I thought the most interesting news presented by Ryan was that most of our local stations are siphoning their gas from the same bucket. Not only do we have to put up with price gouging but it appears that any dignity formerly accrued to personal product selection has gone up in smoke.

The article laid out a number of important, educational facts. Unfortunately, the story has left us with a gaping hole in terms of local government involvement and potential solutions to this stick-up in broad daylight.

I read nothing about what our mayor and council have tried to do about this situation. Certainly oil companies cannot just set up business without a local relationship and contract. I would like to hear our representatives answer to the impropriety of local collusion but more importantly what they can do to put pressure on the "extra" profit margin that big oil is tacking on to wholesale prices.

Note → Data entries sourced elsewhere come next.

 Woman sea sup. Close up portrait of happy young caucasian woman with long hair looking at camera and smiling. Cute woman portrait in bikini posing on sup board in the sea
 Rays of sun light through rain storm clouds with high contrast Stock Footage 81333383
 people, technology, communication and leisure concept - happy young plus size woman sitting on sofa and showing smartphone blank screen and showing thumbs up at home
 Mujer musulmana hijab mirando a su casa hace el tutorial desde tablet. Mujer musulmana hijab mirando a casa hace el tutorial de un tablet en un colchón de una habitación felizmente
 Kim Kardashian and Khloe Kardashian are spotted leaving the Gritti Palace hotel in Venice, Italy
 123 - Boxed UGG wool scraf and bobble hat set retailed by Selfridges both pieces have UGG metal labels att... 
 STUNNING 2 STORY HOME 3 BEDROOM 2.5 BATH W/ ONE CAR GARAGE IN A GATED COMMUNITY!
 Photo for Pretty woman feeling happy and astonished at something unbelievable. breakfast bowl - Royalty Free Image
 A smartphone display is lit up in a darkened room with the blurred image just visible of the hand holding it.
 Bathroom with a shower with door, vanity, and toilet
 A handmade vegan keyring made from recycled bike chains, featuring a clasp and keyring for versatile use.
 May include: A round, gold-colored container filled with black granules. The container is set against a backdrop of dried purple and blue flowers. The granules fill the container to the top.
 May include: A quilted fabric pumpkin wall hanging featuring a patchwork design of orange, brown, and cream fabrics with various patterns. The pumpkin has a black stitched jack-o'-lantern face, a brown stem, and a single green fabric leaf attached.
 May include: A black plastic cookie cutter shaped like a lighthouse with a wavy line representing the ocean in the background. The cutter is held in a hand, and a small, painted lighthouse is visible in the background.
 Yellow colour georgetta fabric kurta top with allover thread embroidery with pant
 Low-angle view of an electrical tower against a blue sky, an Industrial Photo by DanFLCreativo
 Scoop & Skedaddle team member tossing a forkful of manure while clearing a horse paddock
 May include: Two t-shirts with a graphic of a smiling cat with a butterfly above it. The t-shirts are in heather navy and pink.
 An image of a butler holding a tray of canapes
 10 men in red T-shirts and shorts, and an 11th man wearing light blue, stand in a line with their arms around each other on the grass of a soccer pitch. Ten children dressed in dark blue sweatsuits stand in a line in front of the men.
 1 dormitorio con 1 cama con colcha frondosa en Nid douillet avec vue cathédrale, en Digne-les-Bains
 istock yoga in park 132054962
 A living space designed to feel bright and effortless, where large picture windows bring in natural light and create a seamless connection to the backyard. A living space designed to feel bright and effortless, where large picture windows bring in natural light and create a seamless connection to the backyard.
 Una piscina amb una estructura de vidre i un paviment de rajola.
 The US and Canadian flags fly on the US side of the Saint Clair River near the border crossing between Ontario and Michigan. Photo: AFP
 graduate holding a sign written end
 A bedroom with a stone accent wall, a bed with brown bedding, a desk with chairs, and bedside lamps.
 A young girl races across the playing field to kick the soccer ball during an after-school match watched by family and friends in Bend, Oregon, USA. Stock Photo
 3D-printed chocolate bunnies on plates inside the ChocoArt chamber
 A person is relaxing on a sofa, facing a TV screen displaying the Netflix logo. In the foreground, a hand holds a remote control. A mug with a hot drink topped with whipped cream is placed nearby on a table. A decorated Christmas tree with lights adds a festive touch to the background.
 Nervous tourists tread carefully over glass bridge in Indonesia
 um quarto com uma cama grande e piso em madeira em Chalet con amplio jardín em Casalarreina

Is it not possible to fire an oil company?  Inviting one company to hit the road would send a message. Some will argue that this type of action would reduce competition. Really? How's that competition thing working out now? What can you do about it, mayor?
I would guess that the residents of Humboldt County live here in part because we do not appreciate toeing the corporate line, living with monopolies, or being forced to pay usurious prices for things. Every day we glower at the ubiquitous signage displaying those atrocious prices and remind ourselves of the nameless, shameless, faceless thugs of big oil.

Jon Exley, Eureka



"Why the heck are Humboldt County's fuel prices so high?" A better question is, "Why are U.S. fuel prices so low?" The answer is that we have oil reserves and government subsidies and we're spoiled rotten. The price of a gallon of unleaded is about $4.80 in Bangladesh, where one tank would consume about 6 percent of the average citizen's annual income. It's $5.40 in Tanzania, $6.80 in New Zealand, $7.70 in Israel, $8.40 in Hong Kong, and $9.30 in Norway. There are few countries (mostly OPEC members) with gas cheaper than ours, and even in some of those the price relative to income is higher. A trip almost anywhere outside this country gives one a very different perspective on our hypochondriac "pain at the pump."

The real cost of our gas is much higher than what we pay. Add the hidden costs of environmental destruction, pollution, social injustice, global warming, political instability, and military action to control access to foreign oil to the "up-front" costs of exploration, extraction, transport, and refining and the cost is more like $15 per gallon. If the retail price were more realistic we'd have fuel-efficient vehicles, decent public transit, better health and sensible community design. Instead, whenever our gas prices start to edge closer to the rest of the world's and to what they really should be, we start blaming the president and calling for reform. We should be calling for reform of a very different sort.

We are so insular in this country that we lose sight of how privileged we really are. It drives me crazy when people here complain about gas prices. Please ... Stop whining or move to Saudi Arabia, where gas is 70 cents per gallon. Just think how much you'll save -- especially if you're a woman, since you won't be allowed to drive anyway.